The path on the right leads an elaborate stone-ad-marble arch guarded by two eight-feet-tall guards in plate armor. Well, it's obviously painted styrofoam, of course, and the armors are probably made out of recycled soda cans, but Josh figures they're supposed play along and believe it's stone and marble and steel plate with some real half-giant warrior inside. So he takes a slight bow and motions Marie to go fist. "M'lady, if you please...?" he says in a very fake English accent.
She replies with a curtsey and walks toward the gate. The guards' halberds suddenly drop halfway down, barring her way, and a recorded voice resounds inside the helmets.
"Beware, o trav'ler at the gate,
for if you cross, you seal your fate:
to be amused and entertained
the way you'll never be again,
to travel through a world of old
of maidens fair and warriors bold,
and to be bored right off your skull
by rhyming couplets weak and dull.
Beware, o trav'ler at the door,
for there's no strength, nor skill, nor lore
that will protect you from the spell
of our bewitched doggerel:
once in, you'll have such fun you'll shout,
I'm never, ever getting out!
You'll have such fun your head will spin
until you cry, I'm staying in!
Beware, beware, and thrice beware:
we warned you good, we warned you fair.
If you're still stubborn, come right in
and meet with your thick-headed kin."
Josh chuckles. "Someone in their marketing department ought to get fired," he says.

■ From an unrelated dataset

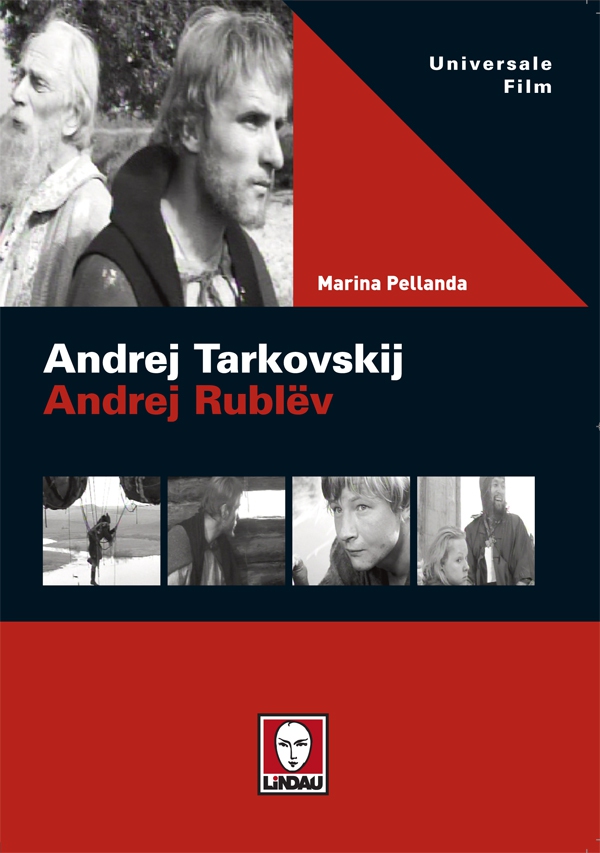 Andrej Tarkovskij. Andrej Rublëv - Librerie.coop Andrej Tarkovskij. Andrej Rublëv - Librerie.coop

"For the bad reverse psychology or for the cheesy poetry?" agrees Marie. Oddly, though, the funny little rhyme seems to have tickled their curiosity, and they take taking another few steps towards the gate. The mechanical guards raise their weapons again to let her and Josh pass.
"What do you say," Marie asks, "are we going in?"
He shrugs. "A bit too Harry-Potter-ish for my tastes, but it might be interesting. Why not?"
As they step in, the loudspeakers inside the armors click and rasp with static, then begin with another verse:
"O trav'ler who's beyond the door
we'll give no warning any more:
you wanted in, have it your way.
There's nothing else for us to say."
For some reason, the words sound oddly ominous to Josh. He looks at Marie and sees the same doubt in her eyes - and somewhere in the back of his head he feels that he knows what's going on, and that it's bad, and that he should run...
He shrugs the feeling off. It's an amusement park, you idiot, he thinks. What do you think is gonna happen?. "Let's go, then," he says.
---=== ... ===---
After marching through a fake-stone corridor, paved in fake marble and lit by fake torches, Josh and Marie come to a hall with a number of exits, each marked by a wooden sign on a post. One of the signs, pointing to a stairway leading down, says "Ye Dungeons". Another, on a much larger and darker opening, warns "Here Be Dragons!" - below it, on the same post, a second, smaller signs reads, "Well, just the one, actually". There are a few other signs and exits, but they are too far to read. On the other side of the hall, another archway leads out to what looks like a replica of a Renaissance village, where some other tourist are wandering about.